The Doe Network: Naming the dead through crowdsourcing

<  The Doe Network: Naming the dead through crowdsourcing

Crowdsourcing is a buzzword in information technology circles used to describe work usually conducted by professionals that has been sourced to a general audience for completion. The phrase can cover everything from Amazon.com’s Mechanical Turk (a marketplace for problem-solving), to MoveOn.org’s organizing efforts, to Netflix’s competition to redesign their recommendation system.

The Doe Network is crowdsourcing applied to a subject a little closer to the interests of our readers – the Doe Network has crowdsourced cold cases:

The unnamed dead are everywhere — buried in unmarked graves, tagged in county morgues, dumped in rivers and under bridges, interred in potter’s fields and all manner of makeshift tombs. There are more than 40,000 unnamed bodies in the U.S., according to national law enforcement reports, and about 100,000 people formally listed as missing.

The premise of the Doe Network is simple.
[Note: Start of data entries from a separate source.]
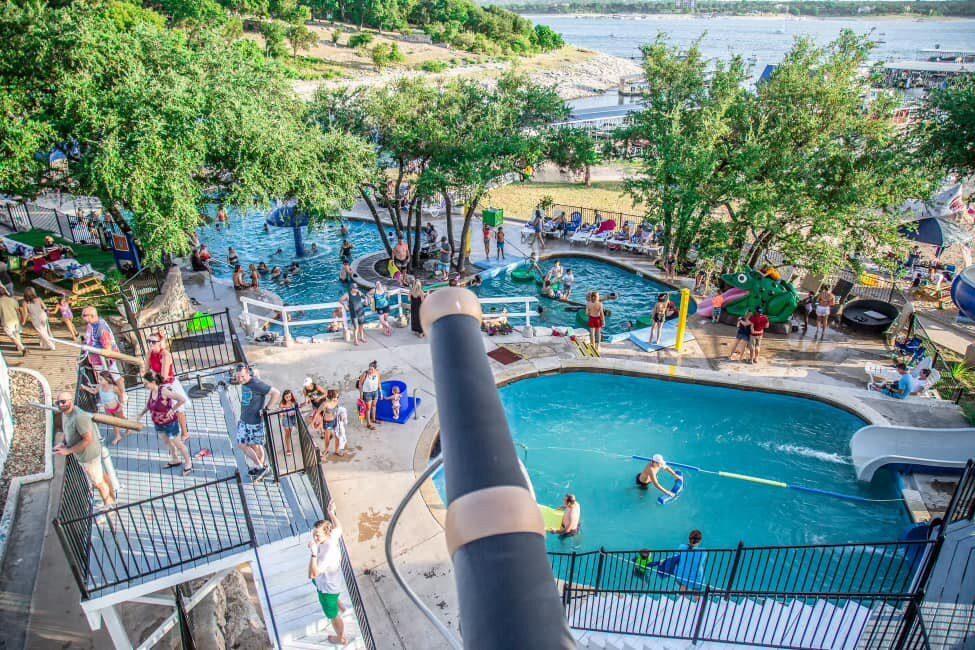 Volente Beach Resort and Waterpark-Volente必去景点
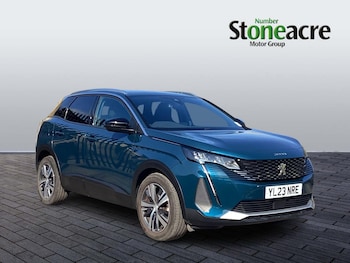 Peugeot 3008 feature image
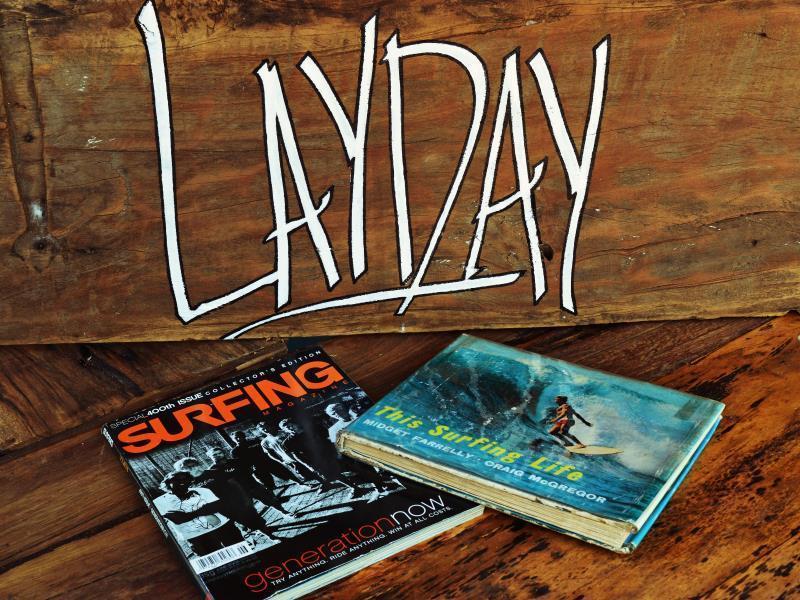 Lay Day Surf Hostel Canggu Dış mekan fotoğraf
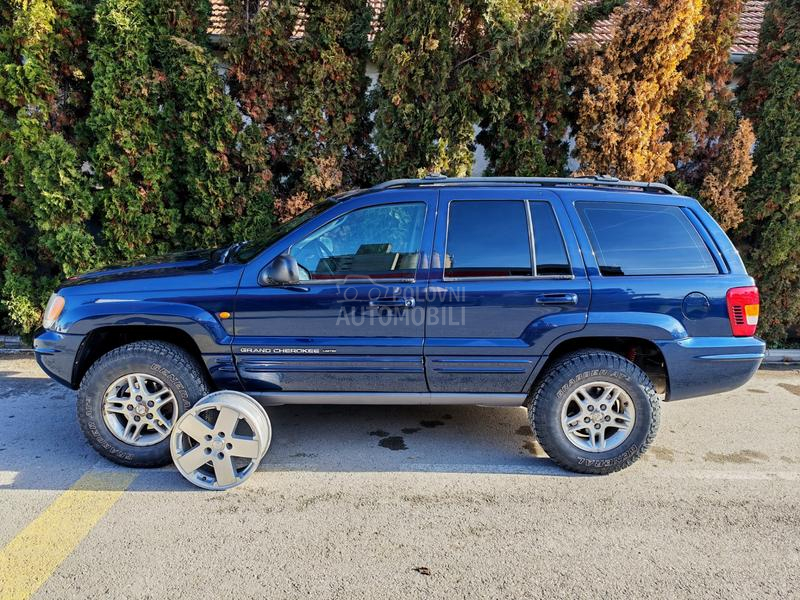 Jeep Grand Cherokee 2.7 CRD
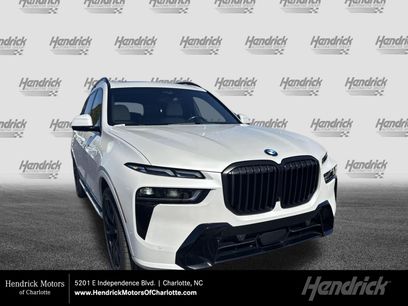 Used 2023 BMW X7 xDrive40i w/ Executive Package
If the correct information — dental records, DNA, police reports, photographs — is properly entered into the right databases, many of the unidentified can be matched with the missing. Law enforcement agencies and medical examiners offices simply don’t have the time or manpower. Using the Internet and other tools, volunteers can do the job.

And so, in the suburbs of Chicago, bank executive Barbara Lamacki spends her nights searching for clues that might identify toddler Johnny “Dupage” Doe, whose body was wrapped in a blue laundry bag and dumped in the woods of rural Dupage County, Ill., in 2005.

The Doe Network, in their own words:

The Doe Network is a volunteer organization devoted to assisting Law Enforcement in solving cold cases concerning Unexplained Disappearances and Unidentified Victims from North America, Australia and Europe. It is our mission to give the nameless back their names and return the missing to their families. We hope to accomplish this mission in three ways; by giving the cases exposure on our website, by having our volunteers search for clues on these cases as well as making possible matches between missing and unidentified persons and lastly through attempting to get media exposure for these cases that need and deserve it.

A good idea that deserves more publicity.